--- RECORDS FOR THE TASK ---

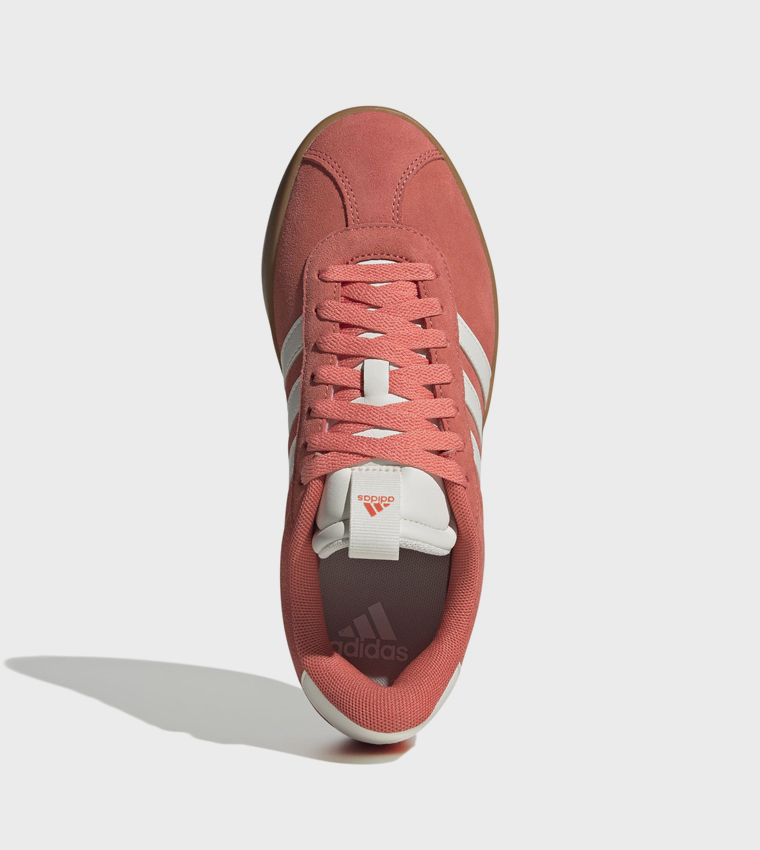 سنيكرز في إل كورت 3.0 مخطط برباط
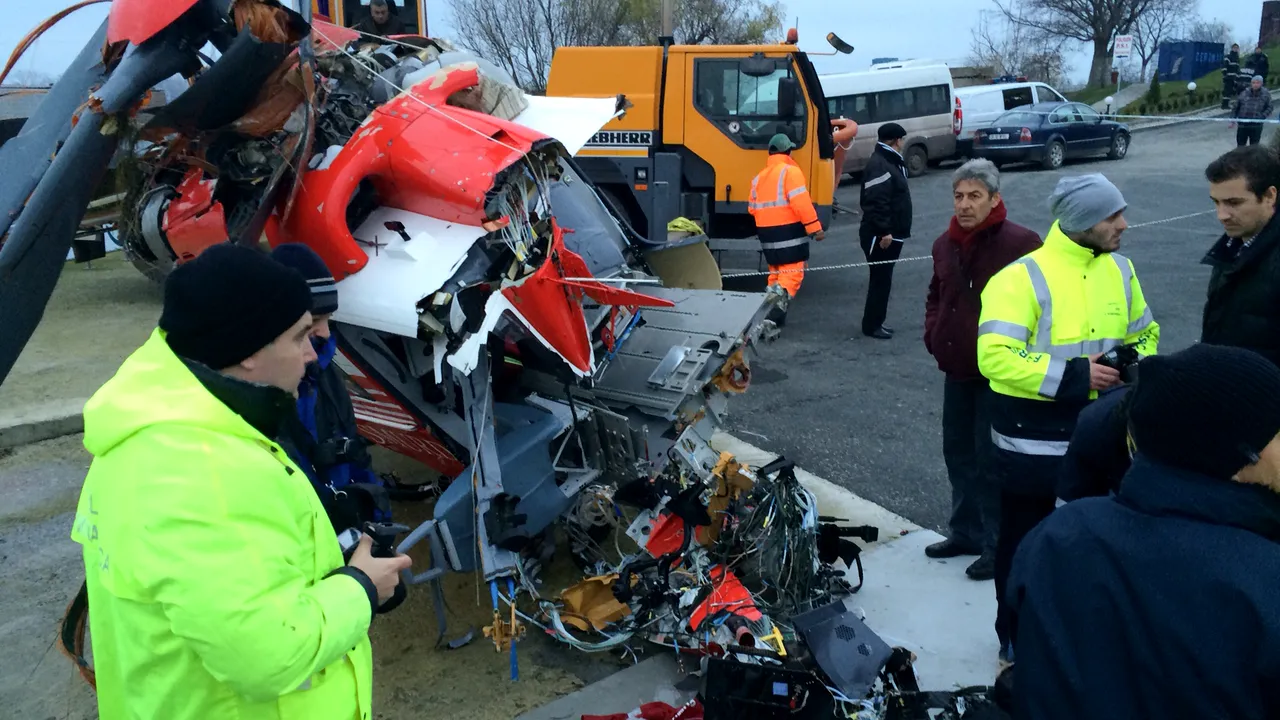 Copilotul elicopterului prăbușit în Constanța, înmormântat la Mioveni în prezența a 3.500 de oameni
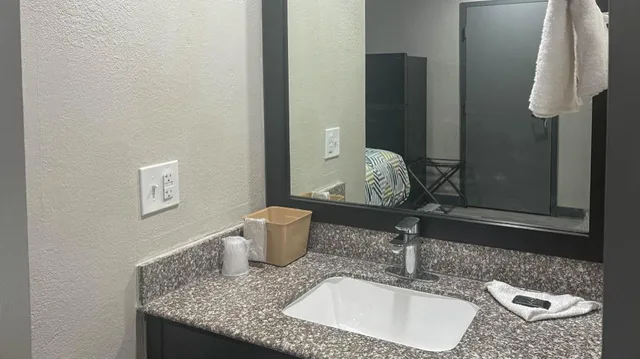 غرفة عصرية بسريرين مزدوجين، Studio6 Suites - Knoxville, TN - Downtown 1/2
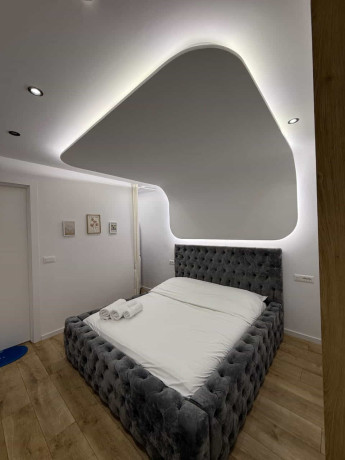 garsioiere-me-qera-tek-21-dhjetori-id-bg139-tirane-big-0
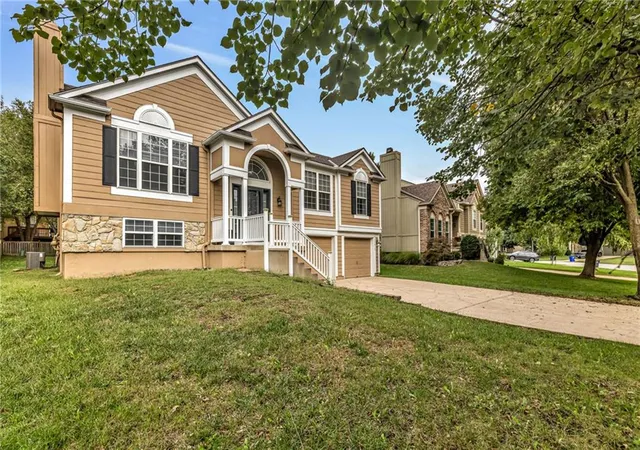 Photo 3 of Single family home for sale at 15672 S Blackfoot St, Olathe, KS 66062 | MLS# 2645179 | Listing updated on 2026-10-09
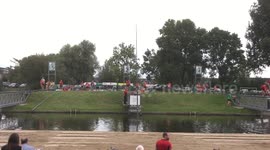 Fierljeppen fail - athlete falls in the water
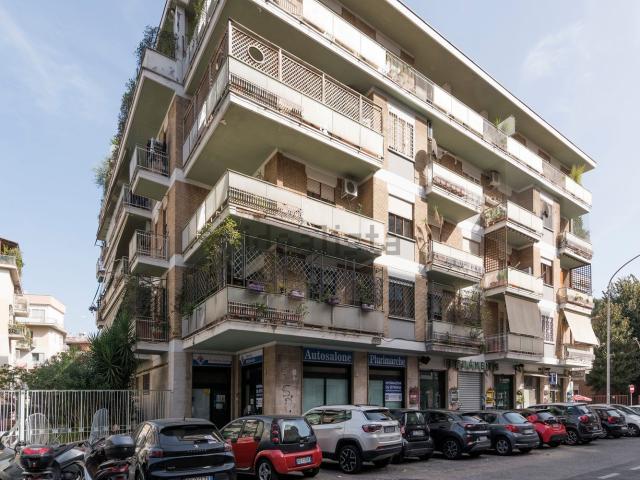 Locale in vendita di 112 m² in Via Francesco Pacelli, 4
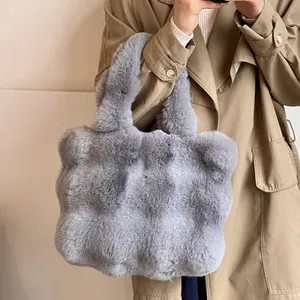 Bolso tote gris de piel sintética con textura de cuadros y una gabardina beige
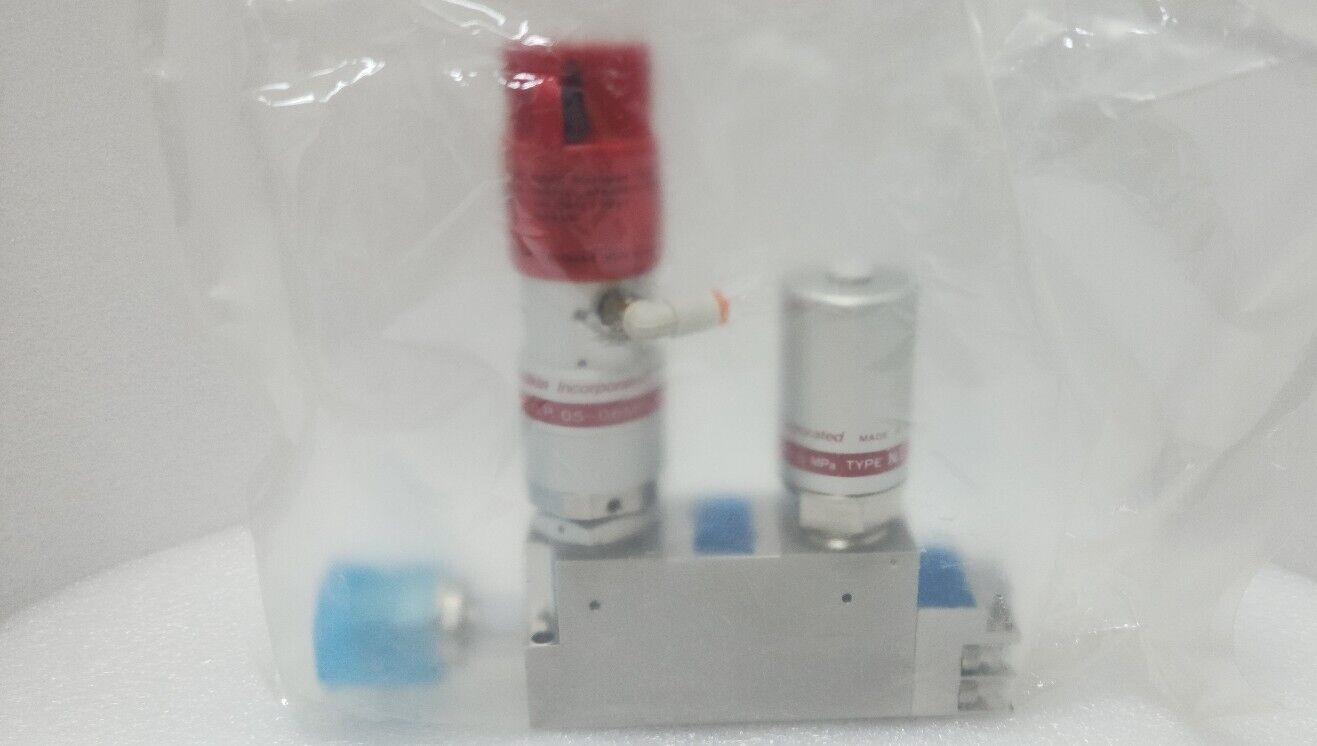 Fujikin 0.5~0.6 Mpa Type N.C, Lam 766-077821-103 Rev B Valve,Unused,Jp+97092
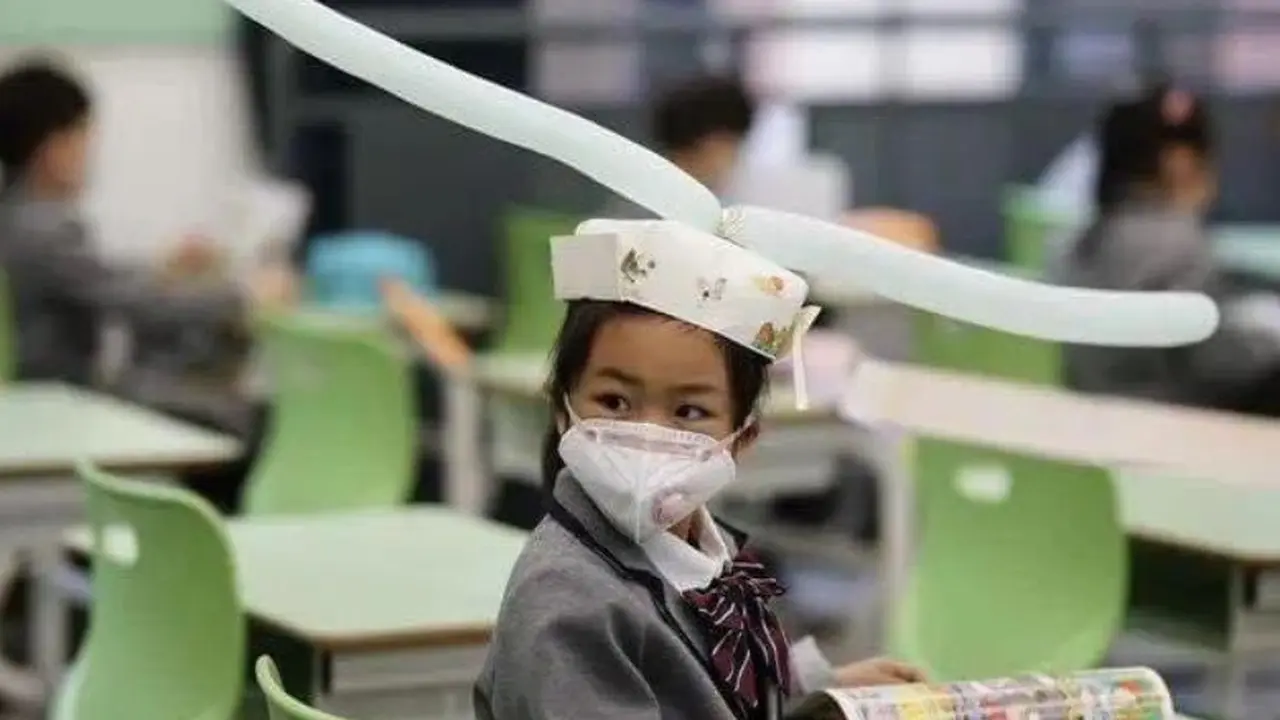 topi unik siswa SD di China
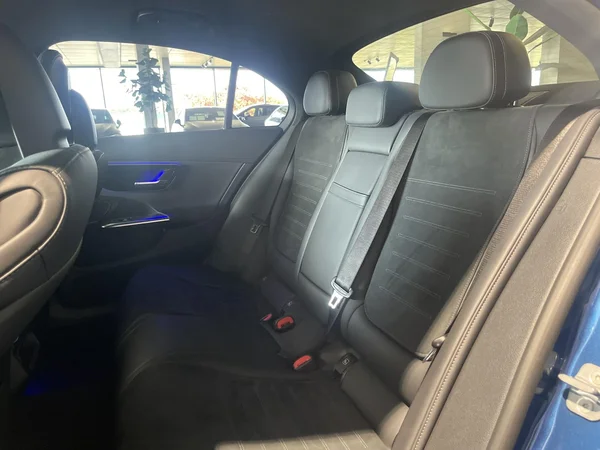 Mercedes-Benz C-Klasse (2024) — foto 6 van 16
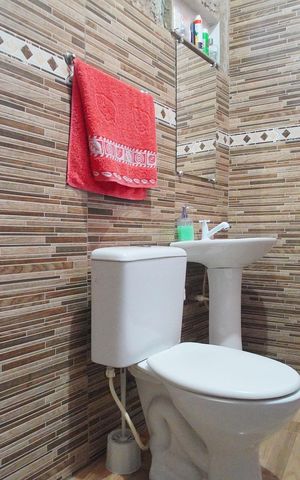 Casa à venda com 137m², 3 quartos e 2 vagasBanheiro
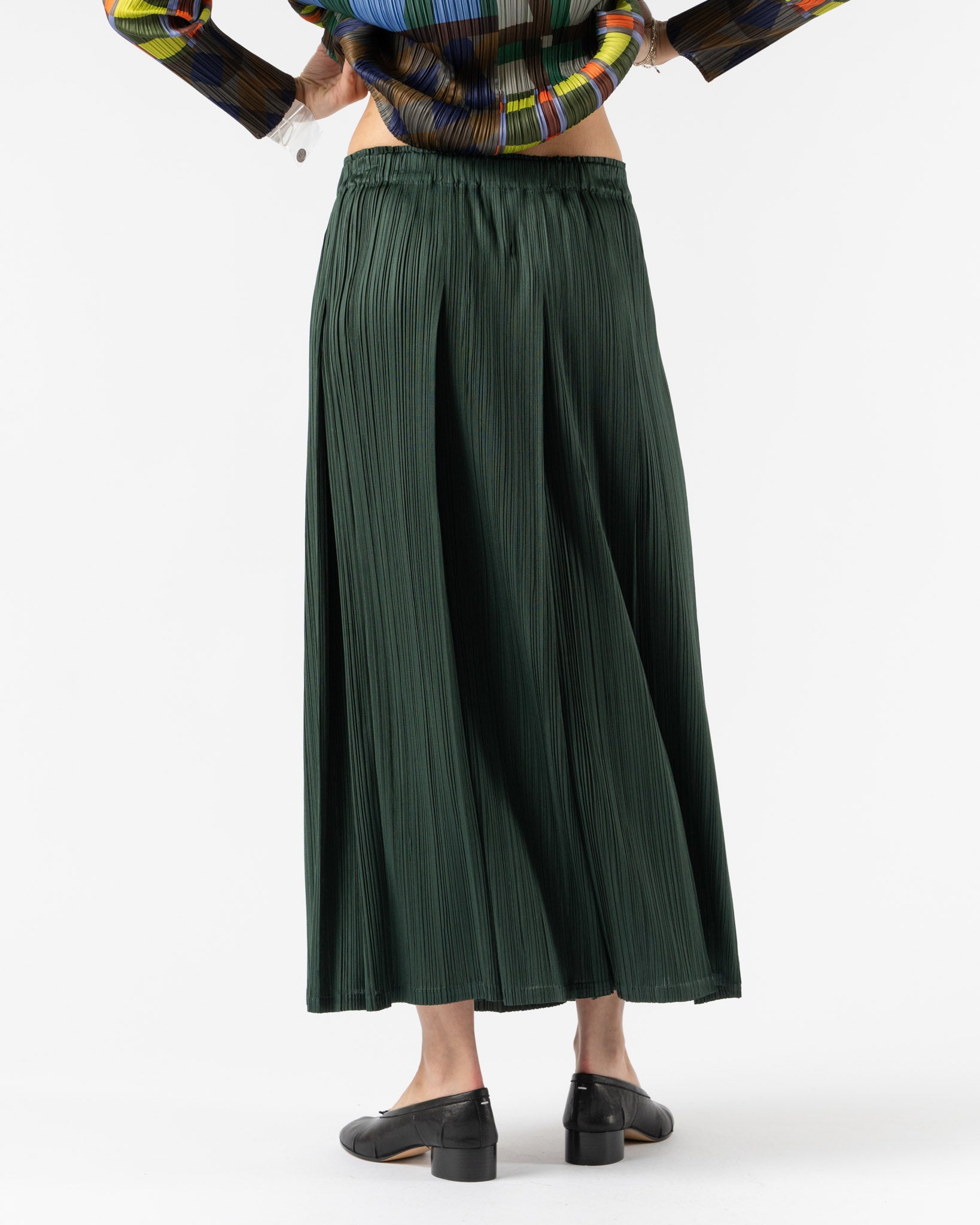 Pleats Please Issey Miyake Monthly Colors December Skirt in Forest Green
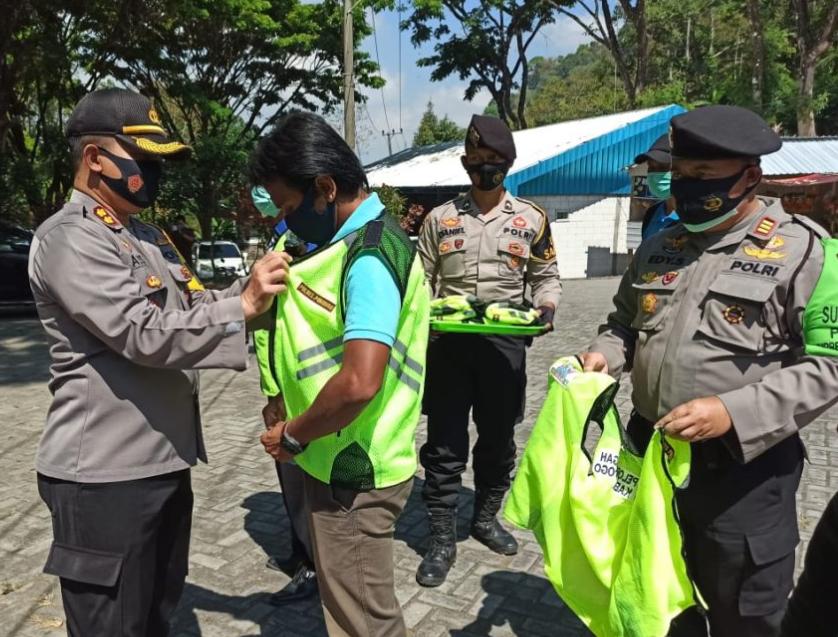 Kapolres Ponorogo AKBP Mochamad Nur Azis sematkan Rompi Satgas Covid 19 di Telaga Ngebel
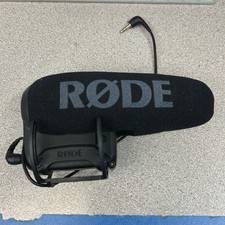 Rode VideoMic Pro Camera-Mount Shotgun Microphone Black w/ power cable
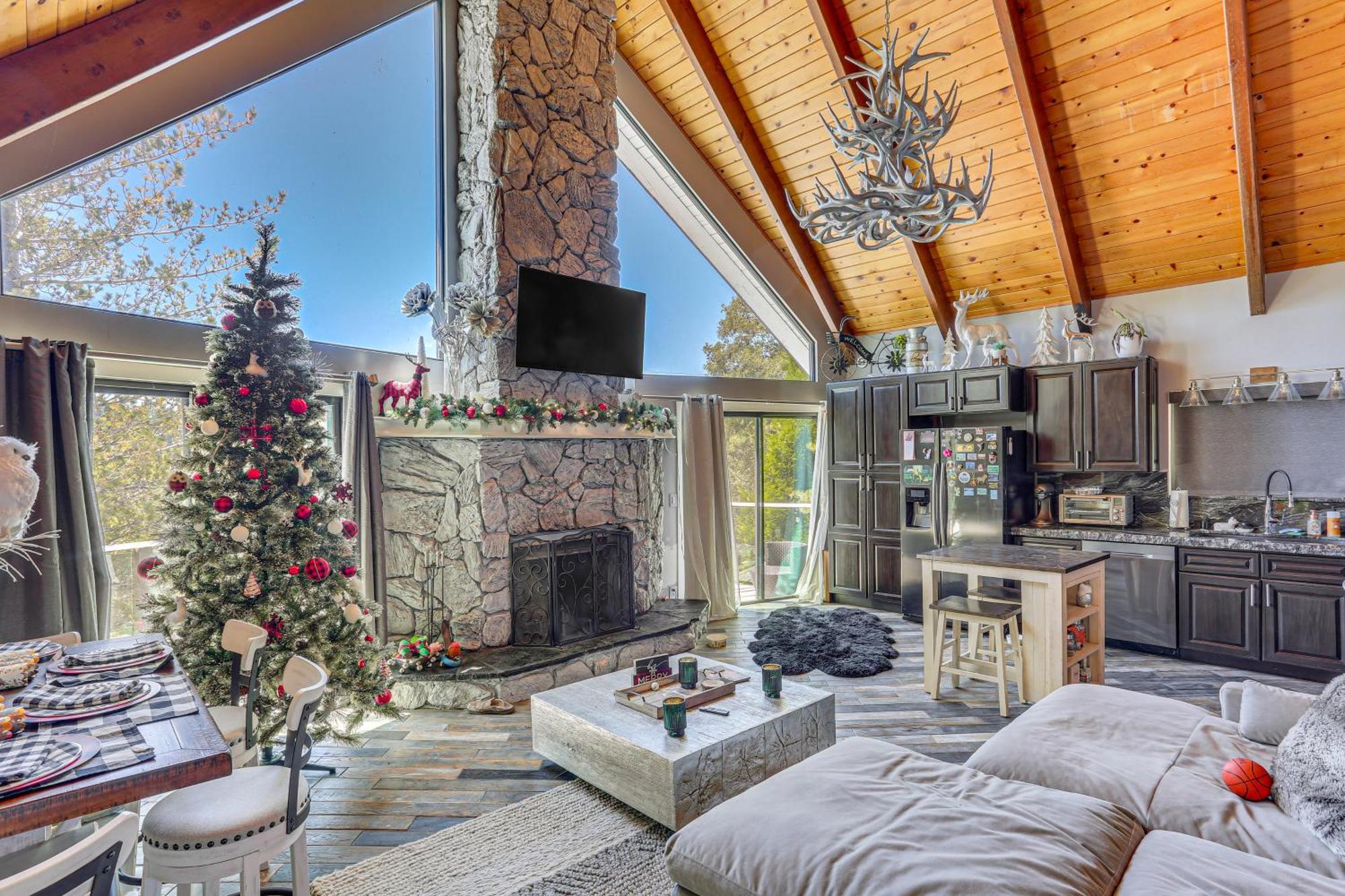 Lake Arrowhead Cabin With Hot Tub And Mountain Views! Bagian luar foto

---

PROBLEM DESCRIPTION
Copy exactly the lines from the line that has "topi unik siswa SD di China" through the last line of the entries above, inclusive, and no others. Pictures do not go in the copy.

REPLY TO THE EXERCISE
 topi unik siswa SD di China
 Mercedes-Benz C-Klasse (2024) — foto 6 van 16
 Casa à venda com 137m², 3 quartos e 2 vagasBanheiro
 Pleats Please Issey Miyake Monthly Colors December Skirt in Forest Green
 Kapolres Ponorogo AKBP Mochamad Nur Azis sematkan Rompi Satgas Covid 19 di Telaga Ngebel
 Rode VideoMic Pro Camera-Mount Shotgun Microphone Black w/ power cable
 Lake Arrowhead Cabin With Hot Tub And Mountain Views! Bagian luar foto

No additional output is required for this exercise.